(Stored dataset items)
↓↓↓

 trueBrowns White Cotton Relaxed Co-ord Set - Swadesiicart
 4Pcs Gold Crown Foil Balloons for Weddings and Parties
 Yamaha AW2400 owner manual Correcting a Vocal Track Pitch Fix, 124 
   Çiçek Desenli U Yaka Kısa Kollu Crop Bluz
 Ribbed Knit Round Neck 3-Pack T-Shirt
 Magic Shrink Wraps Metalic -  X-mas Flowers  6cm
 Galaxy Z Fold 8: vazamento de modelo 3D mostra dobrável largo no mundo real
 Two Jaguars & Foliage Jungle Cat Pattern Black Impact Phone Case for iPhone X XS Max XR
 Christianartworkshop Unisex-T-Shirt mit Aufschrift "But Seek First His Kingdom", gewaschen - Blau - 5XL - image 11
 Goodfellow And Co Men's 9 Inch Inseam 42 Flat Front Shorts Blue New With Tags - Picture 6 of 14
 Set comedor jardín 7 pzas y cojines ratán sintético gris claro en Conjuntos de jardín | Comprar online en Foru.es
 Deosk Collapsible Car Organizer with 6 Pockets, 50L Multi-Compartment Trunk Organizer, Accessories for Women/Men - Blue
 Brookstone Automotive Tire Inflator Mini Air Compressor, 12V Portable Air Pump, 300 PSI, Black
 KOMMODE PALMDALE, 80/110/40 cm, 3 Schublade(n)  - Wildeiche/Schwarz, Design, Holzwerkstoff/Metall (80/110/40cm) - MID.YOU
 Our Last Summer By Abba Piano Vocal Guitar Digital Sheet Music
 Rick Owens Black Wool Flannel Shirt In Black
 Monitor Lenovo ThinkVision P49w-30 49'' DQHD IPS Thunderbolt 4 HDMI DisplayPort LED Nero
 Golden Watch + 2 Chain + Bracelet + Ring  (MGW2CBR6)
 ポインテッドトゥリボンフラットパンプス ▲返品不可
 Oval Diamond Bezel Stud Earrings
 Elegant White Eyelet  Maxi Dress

↑↑↑

From the records above, quote only the lines running from the line with "Magic Shrink Wraps" to the line with "Rick Owens Black Wool Flannel Shirt In Black", both lines included.

 Magic Shrink Wraps Metalic -  X-mas Flowers  6cm
 Galaxy Z Fold 8: vazamento de modelo 3D mostra dobrável largo no mundo real
 Two Jaguars & Foliage Jungle Cat Pattern Black Impact Phone Case for iPhone X XS Max XR
 Christianartworkshop Unisex-T-Shirt mit Aufschrift "But Seek First His Kingdom", gewaschen - Blau - 5XL - image 11
 Goodfellow And Co Men's 9 Inch Inseam 42 Flat Front Shorts Blue New With Tags - Picture 6 of 14
 Set comedor jardín 7 pzas y cojines ratán sintético gris claro en Conjuntos de jardín | Comprar online en Foru.es
 Deosk Collapsible Car Organizer with 6 Pockets, 50L Multi-Compartment Trunk Organizer, Accessories for Women/Men - Blue
 Brookstone Automotive Tire Inflator Mini Air Compressor, 12V Portable Air Pump, 300 PSI, Black
 KOMMODE PALMDALE, 80/110/40 cm, 3 Schublade(n)  - Wildeiche/Schwarz, Design, Holzwerkstoff/Metall (80/110/40cm) - MID.YOU
 Our Last Summer By Abba Piano Vocal Guitar Digital Sheet Music
 Rick Owens Black Wool Flannel Shirt In Black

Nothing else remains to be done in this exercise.